Dear Hipster Chefs;
Recently, my wife and I visited one of your establishments. You know, one of the ones with a iconique-nouveau sounding name replete with those people chilling out at the tables sipping glasses of weak mimosas while gangly-looking DJs vainly try to spin ambience from a darkened corner of the room.
No, honestly, I get it. I’m cool with the attempted vibe and all. Goodness even knows, my wife and I enjoy that sort of thing once in a while. But not this time. We were willing to put up with the bad music, the weak drinks, seating at the ass-end of the bar in front of the kitchen, the fennel-obsessed menu, and maybe even the obscenely long time it took for our orders to come out. But our patience with the entire experience ended when we got our food. Our bland food. Our cold food. Our food of extremely small portions and expensive prices.

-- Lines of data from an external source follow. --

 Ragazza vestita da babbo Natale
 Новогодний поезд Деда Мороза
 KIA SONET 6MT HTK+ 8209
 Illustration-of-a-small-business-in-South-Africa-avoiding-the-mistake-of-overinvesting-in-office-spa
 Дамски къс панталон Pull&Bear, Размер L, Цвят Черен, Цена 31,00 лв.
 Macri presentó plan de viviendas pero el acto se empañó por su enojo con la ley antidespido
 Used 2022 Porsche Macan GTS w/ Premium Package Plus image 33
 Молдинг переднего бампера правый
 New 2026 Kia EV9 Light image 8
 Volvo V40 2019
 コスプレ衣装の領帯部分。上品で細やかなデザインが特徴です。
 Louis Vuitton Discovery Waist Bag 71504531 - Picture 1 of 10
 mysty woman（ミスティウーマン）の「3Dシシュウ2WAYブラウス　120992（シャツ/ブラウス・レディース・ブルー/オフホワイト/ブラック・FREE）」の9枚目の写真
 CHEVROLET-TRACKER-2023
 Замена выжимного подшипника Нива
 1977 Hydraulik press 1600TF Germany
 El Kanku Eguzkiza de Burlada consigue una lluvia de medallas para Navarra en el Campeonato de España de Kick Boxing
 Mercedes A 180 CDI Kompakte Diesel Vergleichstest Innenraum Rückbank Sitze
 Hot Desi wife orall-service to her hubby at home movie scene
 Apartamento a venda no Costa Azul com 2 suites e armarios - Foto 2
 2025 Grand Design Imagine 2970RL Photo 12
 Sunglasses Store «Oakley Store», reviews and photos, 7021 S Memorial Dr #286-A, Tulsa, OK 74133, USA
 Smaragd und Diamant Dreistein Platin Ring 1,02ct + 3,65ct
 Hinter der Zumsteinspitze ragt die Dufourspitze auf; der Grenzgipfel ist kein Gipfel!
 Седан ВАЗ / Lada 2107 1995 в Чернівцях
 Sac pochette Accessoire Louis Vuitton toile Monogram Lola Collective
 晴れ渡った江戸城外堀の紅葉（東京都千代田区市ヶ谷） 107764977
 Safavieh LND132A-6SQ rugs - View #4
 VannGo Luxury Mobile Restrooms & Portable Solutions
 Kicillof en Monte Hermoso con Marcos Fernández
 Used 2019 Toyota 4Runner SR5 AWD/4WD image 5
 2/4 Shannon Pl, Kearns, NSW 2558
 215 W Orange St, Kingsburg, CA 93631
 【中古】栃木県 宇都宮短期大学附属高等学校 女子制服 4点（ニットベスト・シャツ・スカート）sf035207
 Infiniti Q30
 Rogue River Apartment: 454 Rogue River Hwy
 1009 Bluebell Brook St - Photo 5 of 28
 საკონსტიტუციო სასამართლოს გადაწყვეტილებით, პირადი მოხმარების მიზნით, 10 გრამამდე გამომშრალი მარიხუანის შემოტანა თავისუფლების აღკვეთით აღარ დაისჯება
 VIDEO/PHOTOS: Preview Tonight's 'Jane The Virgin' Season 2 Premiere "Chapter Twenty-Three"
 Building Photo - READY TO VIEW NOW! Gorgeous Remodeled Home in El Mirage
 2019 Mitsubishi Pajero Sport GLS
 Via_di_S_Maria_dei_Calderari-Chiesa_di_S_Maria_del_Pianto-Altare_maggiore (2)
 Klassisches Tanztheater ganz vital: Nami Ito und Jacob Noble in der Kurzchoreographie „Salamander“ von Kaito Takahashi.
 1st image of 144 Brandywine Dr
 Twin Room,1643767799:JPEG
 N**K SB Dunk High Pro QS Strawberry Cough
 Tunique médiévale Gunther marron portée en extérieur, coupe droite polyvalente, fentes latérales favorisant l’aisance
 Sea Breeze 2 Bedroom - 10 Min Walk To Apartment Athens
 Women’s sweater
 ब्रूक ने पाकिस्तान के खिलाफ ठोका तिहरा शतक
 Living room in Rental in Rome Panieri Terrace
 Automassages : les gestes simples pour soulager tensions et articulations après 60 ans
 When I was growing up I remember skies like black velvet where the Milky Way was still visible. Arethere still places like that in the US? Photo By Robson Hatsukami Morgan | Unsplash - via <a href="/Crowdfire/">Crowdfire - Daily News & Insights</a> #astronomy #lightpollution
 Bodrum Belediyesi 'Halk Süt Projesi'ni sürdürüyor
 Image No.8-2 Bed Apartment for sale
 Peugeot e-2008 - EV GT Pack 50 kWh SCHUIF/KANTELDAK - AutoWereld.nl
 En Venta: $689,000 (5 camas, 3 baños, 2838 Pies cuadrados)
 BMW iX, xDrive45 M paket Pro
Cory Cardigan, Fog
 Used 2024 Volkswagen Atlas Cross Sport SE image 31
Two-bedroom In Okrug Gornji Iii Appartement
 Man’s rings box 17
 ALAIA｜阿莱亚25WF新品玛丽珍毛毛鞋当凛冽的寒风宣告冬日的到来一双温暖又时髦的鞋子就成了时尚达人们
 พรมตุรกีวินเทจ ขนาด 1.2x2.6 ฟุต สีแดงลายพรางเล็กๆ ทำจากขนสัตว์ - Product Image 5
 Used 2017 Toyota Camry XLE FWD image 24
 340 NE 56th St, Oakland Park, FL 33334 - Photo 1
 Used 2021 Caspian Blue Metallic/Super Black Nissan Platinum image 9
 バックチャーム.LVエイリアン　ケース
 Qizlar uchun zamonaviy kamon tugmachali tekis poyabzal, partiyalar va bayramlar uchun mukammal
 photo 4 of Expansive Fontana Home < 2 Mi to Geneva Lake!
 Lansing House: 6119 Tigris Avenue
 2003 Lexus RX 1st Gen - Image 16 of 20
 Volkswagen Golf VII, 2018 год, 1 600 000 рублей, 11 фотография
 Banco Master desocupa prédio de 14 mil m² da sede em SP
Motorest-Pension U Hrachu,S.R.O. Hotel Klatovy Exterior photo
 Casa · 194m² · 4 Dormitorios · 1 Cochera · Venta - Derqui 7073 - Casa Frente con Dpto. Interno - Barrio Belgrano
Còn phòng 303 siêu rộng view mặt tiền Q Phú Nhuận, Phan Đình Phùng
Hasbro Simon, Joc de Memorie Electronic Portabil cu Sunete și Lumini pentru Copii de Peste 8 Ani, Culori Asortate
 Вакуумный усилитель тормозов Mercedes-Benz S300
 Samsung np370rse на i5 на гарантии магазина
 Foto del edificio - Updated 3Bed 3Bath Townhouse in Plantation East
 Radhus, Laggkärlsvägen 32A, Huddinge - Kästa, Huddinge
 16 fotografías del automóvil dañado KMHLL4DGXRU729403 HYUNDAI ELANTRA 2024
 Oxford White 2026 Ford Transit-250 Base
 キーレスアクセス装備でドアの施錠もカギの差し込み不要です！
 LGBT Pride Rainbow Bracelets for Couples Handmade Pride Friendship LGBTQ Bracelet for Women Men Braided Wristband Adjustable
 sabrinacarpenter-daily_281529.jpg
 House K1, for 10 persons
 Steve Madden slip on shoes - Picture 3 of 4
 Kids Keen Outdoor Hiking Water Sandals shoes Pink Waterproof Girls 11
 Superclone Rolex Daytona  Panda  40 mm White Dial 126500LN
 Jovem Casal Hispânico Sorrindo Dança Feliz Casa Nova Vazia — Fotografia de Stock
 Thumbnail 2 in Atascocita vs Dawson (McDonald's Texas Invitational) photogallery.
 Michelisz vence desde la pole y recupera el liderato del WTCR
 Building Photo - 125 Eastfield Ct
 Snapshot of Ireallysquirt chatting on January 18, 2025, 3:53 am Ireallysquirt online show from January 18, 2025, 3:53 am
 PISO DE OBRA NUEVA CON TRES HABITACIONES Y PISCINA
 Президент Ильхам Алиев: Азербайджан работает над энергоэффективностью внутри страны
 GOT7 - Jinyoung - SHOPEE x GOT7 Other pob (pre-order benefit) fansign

Hipster Chefs, please stop messing with our brunch.
Yeah, I get it. All of your friends are open serving brunch during the weekends and you need to differentiate yourselves from the greasy spoon down the street. They don’t serve Hanger Steak Scramble, they serve Steak and Eggs. They don’t serve Farmer’s Market Hash, they serve – just hash. They don’t serve Pomme Fites, they serve French Fries. But there is something that they serve on weekend mornings that you don’t.
It’s called a decent breakfast.
Please learn how to make the basics before you try your hand at fancier variations. Food fresh from the grill should not be cold and bland, especially when it has less than ten feet to travel before reaching its intended recipients. If I were a religious man, I would say that the Good Lord created Heat Lamps and these things called Salt and Pepper shakers for a reason, and no, that reason is not just to add to the quaint ambience of the establishment.
And – limp Frites? For shame. Again, salt please?
Anyway, my wife and I, not feeling in the greatest mood that morning due to a rather crappy work week for the both of us, were looking forward to spending some kid-free time in your establishment recharging and reconnecting. We found it difficult to recharge in the face of such uninspired fare, but we at least did reconnect in our common dislike of our experience. There are places that serve breakfast items with a delightful twist, there are places that serve fare that is a solid as it is standard, and then there is your place.
Thanks, but no thanks.
p.s – While composing this missive, I was listening to the following songs that I just happened to have on my playlist:
- Judas Priest: Sinner
- King’s X: Not Just For The Dead
- Rush: The Big Wheel
- Cocteau Twins: Iceblink Luck
- Ladytron: Playgirl
- King’s X: Mississippi Moon
p.p.s – Knowing that Hipster Chefs probably aren’t too fond of Rush, I’ve chosen their 1990 songThe Big Wheel as my favorite for the week. You are welcome.